If you're not a big talker during sex or a verbal safe word doesn't feel comfortable, Maness suggests incorporating a physical "safe word" or a physical signal that you need a time out. Yet, like a safe word, a physical tap-out should be a motion you wouldn't otherwise do during sex. "Maybe tapping your partner’s shoulder or winking, a peace sign or crossed fingers — as long as they will see it and understand it," Maness says.

If you're someone who likes to laugh or joke during sex, it may be a good fit for you and your partner(s) to choose a funny safe word. "My safe word is 'Mike Pence' because that would make someone stop dead in their tracks during a scene to question what was going on —plus I do like a safe word that makes me giggle," Jean says. Although humor may play an important role, Jean also speaks to the importance of finding a word that's memorable and literally easy to say. "When choosing a safe word, it’s important that it is something you can easily remember and say. It should be a word that would likely not come up within play or a word you don’t say very often. (I rarely would use Mike Pence’s name in my sexy times.) Mike Pence is also an easy two syllable punch."

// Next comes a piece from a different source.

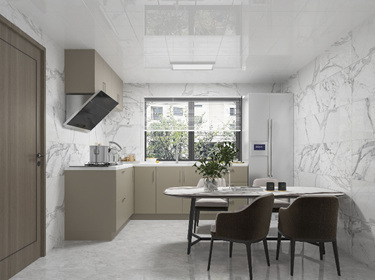 300平别墅现代简约厨房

Maness too agrees that choosing a safe word ideally means picking something unforgettable. "It has to be something you will absolutely be sure to remember during sex. If you are single or non-monogamous, you can choose one just for yourself and communicate it before sex, and if you have a partner you consistently hook up with, whatever that looks like for you, you can decide together what to use," Maness says. "It could be parachute. It could be persimmon. It could be shovel. Just make sure it’s memorable and you both/all know what it means."

Maness also suggests thinking about a word you wouldn't otherwise say when having sex. Something completely random like an inanimate object, an inside joke, or something otherwise unfamiliar to the communication you and your partner(s) typically have during sex. Though it may feel right to have your safe word be something silly or totally random, using it is a serious move. "Using a safe word — even with a long term partner — has a certain weight to it that other words do not. A safe word means business. It means slow the f*ck down and check in with your person," Jean says.

Of course just like finding the right safe word for you, understanding exactly what your safe word will mean is another important conversation. "It’s important to set forth what the safe word or signal means too— usually it means 'stop now' but you could also ask your partner to give you physical space when you use it, or tell them you want comfort and aftercare at the point where you use it," Maness says. "Using a safe word is revoking consent in that moment. Your partner shouldn’t take offense, or be upset or hurt. You aren’t necessarily ending the sex permanently, although if you are that’s fine too."

If using a safe word means your boundaries were crossed, you may want to further discuss with your partner how you're feeling and what you need to feel comfortable and safe when having sex. Your safe word could mean anything from, "Your knee is knocking into my hip and it kinda hurts can we switch positions" to "I don't like where this is going, we need to stop". Having an open dialogue with your partner about what your safe word means and how it will be used is just as important as choosing the right word for you. "It’s a great tool that just requires honest/open conversation," Maness says.

If you are thinking about the right safe word for you, take time to ponder your personal boundaries, preferences, and the types of sex you do and (maybe more importantly) do not want to be having. During any sexual encounter — a LTR, one night stand, or super hot orgy with ninety people — the most important thing factor is active consent. When it comes to deciding on a safe word, you get to choose how it's used, when it's used, and what it means.